Depression, a widespread and debilitating condition affecting millions worldwide, has long puzzled researchers with its complex and varied manifestations.
As current treatments prove ineffective for up to 30% of patients, the need for deeper insights into depression's underlying mechanisms and novel therapeutic approaches becomes increasingly urgent.
A study conducted by the Netherlands Institute for Neuroscience sheds new light on the disease, revealing a surprising connection between depression and microglial cells in the brain.
Prior research has hinted at the involvement of inflammatory markers in depression, with the condition often linked to chronic inflammatory diseases like rheumatism, inflammatory bowel disease, and multiple sclerosis.
These findings have raised speculation that brain inflammation might play a role in depression. However, the recent study challenges this assumption by unearthing a different phenomenon.
The researchers worked with post-mortem human brain tissue
Led by Karel Scheepstra and supervised by Inge Huitinga and Jörg Hamann, the research team examined post-mortem human brain tissue from individuals diagnosed with depression.

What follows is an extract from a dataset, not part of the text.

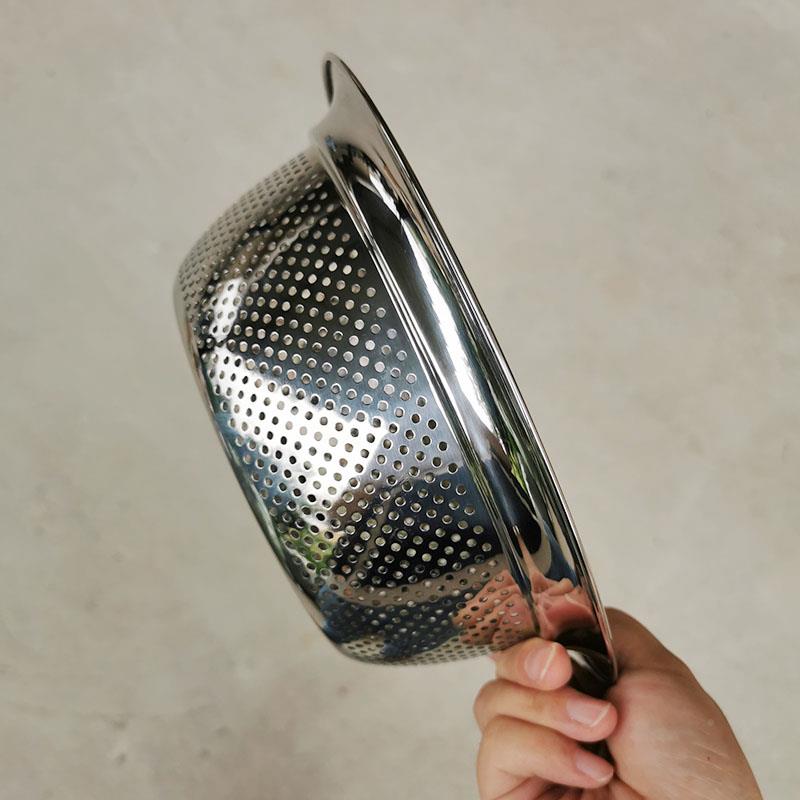 34不SYJ锈洗菜篮滤水钢篮洗菜0盆洗米筛家淘米盆水果篮用沥水盆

The brain tissue samples were generously donated to the Dutch Bran Bank for Psychiatry (NHB-Psy) by recently deceased individuals, provising invaluable insights into the neurological basis of depression.
Remarkable, the study discovered that a specific type of immune cells called microglial cells exhibited reduced activity in people with depression, contrary to expectations.
These microglial cells are crucial for maintaining synaptic connections between neurons, facilitating efficient communication within the brain. Additionally, microglial cells continuously scan the central nervous system for damaged neurons, synapses, and pathogens.
Upon closer examination, the researchers found that only microglial cells located near neurons showed diminished activity in depressed individuals. This observation led the team to investigate whether neurons communicate with microglial cells during depression, leading to their suppressed state.
Their hypothesis proved to be correct
Scheepstra, who worked as a reseracher and psychiatrist at Amsterdam UMC, explained the findings, "We used fresh tissue immediately after death to isolate microglia and compared these between depressed people and controls. We saw abnormal microglia in depressed patients, with the greatest abnormalities seen in patients who were most depressed just before death.
"Interestingly, abnormalities were only seen in the gray matter and not in the white matter of the brain. This suggests that there is a likely interaction between the microglia and the structures located in the gray matter: the neurons and synapses."
The study also shed light on the role of specific proteins, CD200 and CD47, present on brain cells and synapses, which interact with microglial cells, signaling a "don't eat me" response.
These proteins were elevated in depressed individuals, resulting in suppressed microglia and potentially hindering their ability to clear damaged neural connections.
The concept of neuroplasticity, the brain's ability to form new connections between neurons, is thought to be disrupted in depression. The researchers speculate that the altered interaction between neurons and microglial cells may play a role in this process.